● **Goal of the exercise**
Write the listing out once more, identical to the original but without pictures.

=======

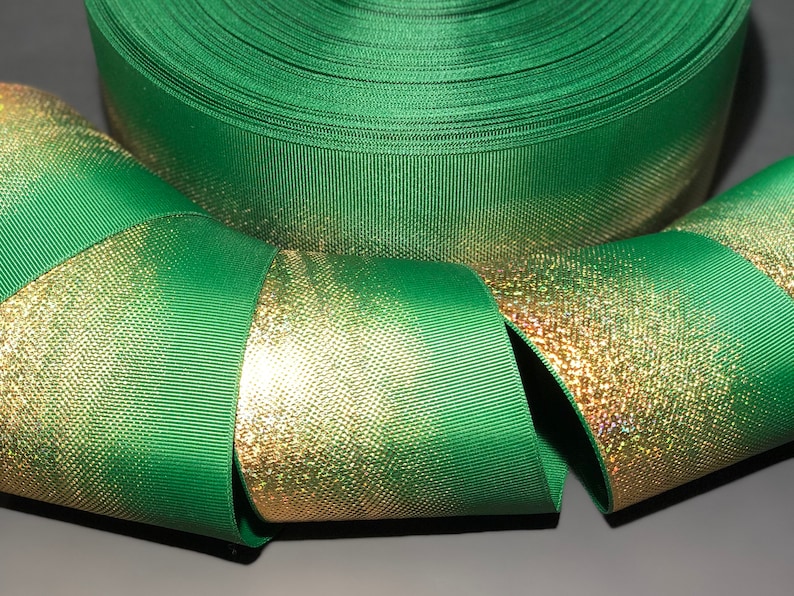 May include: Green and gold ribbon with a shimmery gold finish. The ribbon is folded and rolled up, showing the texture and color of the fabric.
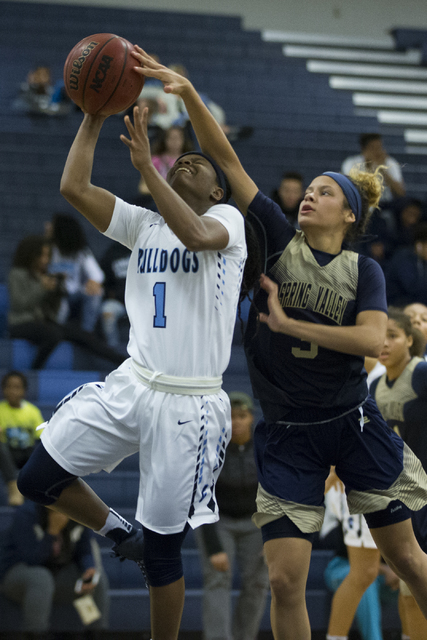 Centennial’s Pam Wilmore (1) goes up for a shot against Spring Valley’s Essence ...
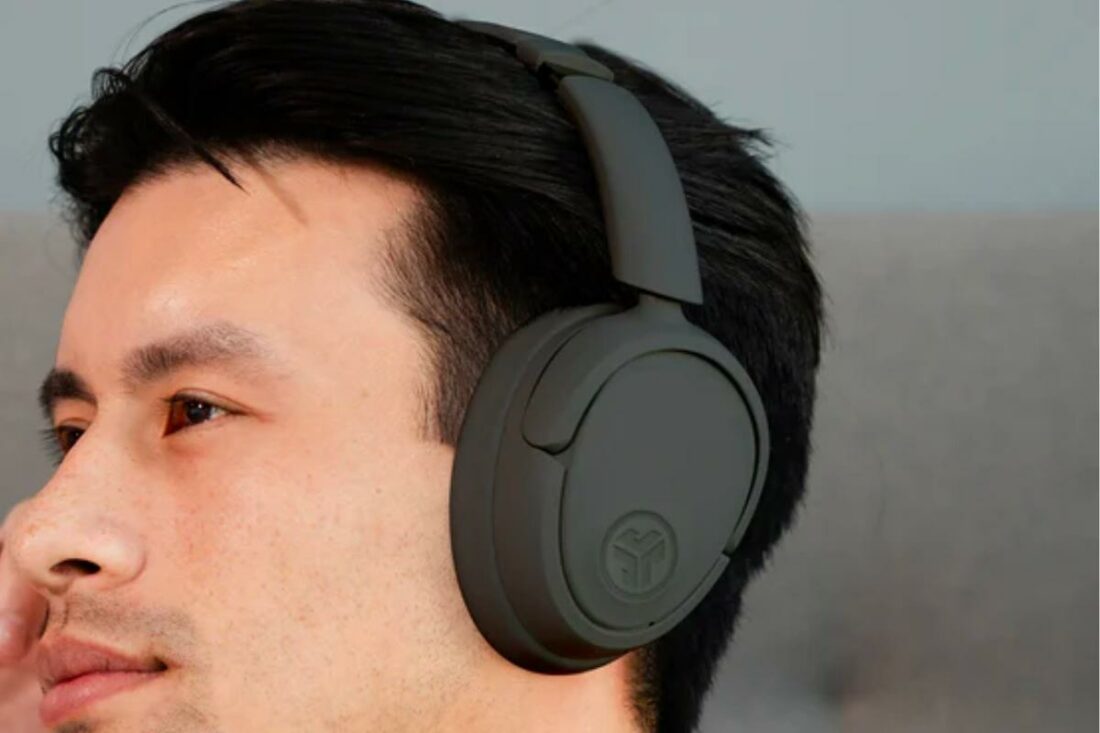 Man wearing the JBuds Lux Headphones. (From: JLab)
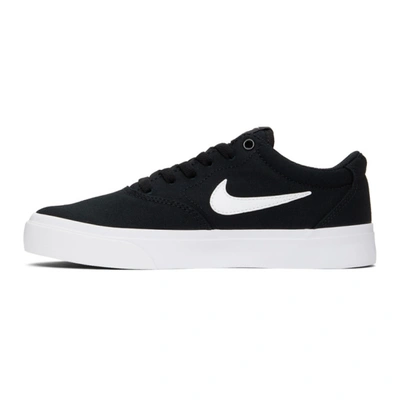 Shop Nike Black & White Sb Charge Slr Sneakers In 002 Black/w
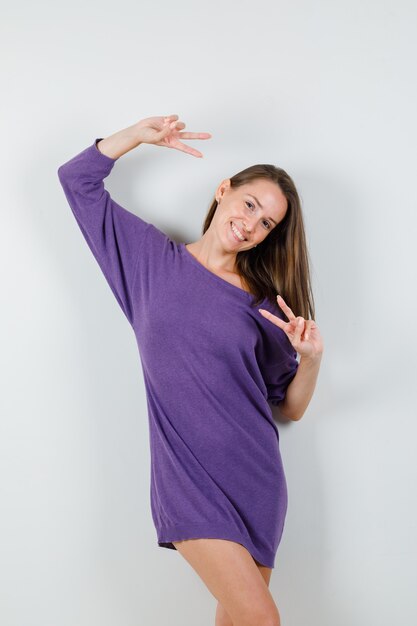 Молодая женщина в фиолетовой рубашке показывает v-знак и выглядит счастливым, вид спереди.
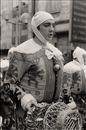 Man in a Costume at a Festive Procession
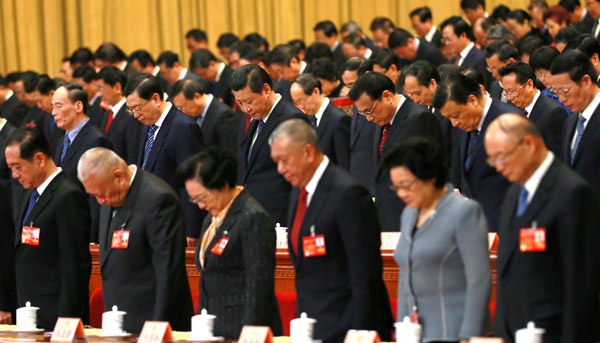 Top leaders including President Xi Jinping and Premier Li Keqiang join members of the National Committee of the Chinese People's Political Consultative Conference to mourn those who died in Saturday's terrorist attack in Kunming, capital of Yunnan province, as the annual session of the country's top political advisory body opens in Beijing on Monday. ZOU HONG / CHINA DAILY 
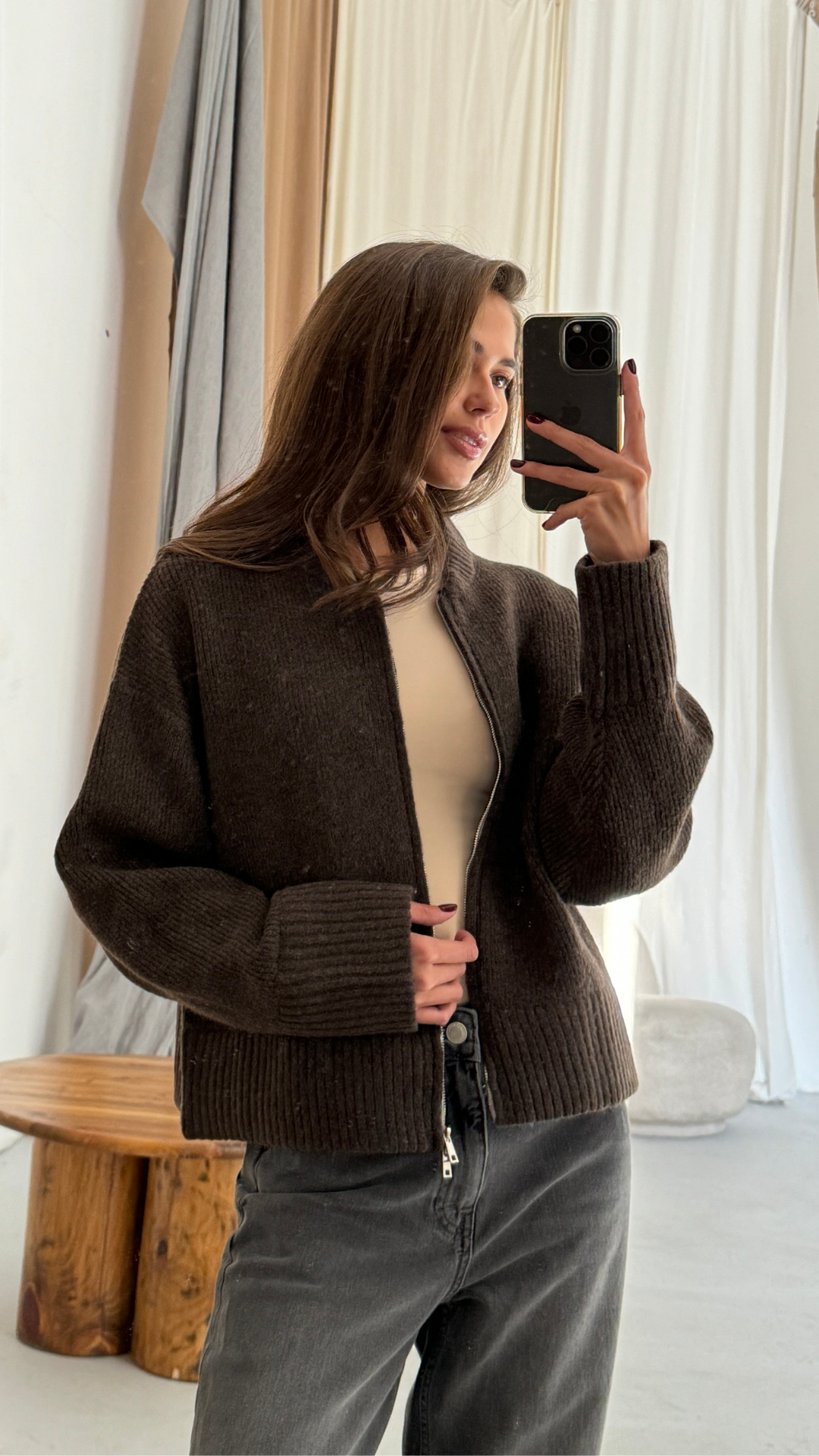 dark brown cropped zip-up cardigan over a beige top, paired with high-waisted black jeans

=======

● **Answer for this exercise**
 May include: Green and gold ribbon with a shimmery gold finish. The ribbon is folded and rolled up, showing the texture and color of the fabric.
 Centennial’s Pam Wilmore (1) goes up for a shot against Spring Valley’s Essence ...
 Man wearing the JBuds Lux Headphones. (From: JLab)
 Shop Nike Black & White Sb Charge Slr Sneakers In 002 Black/w
 Молодая женщина в фиолетовой рубашке показывает v-знак и выглядит счастливым, вид спереди.
 Man in a Costume at a Festive Procession
 Top leaders including President Xi Jinping and Premier Li Keqiang join members of the National Committee of the Chinese People's Political Consultative Conference to mourn those who died in Saturday's terrorist attack in Kunming, capital of Yunnan province, as the annual session of the country's top political advisory body opens in Beijing on Monday. ZOU HONG / CHINA DAILY 
 dark brown cropped zip-up cardigan over a beige top, paired with high-waisted black jeans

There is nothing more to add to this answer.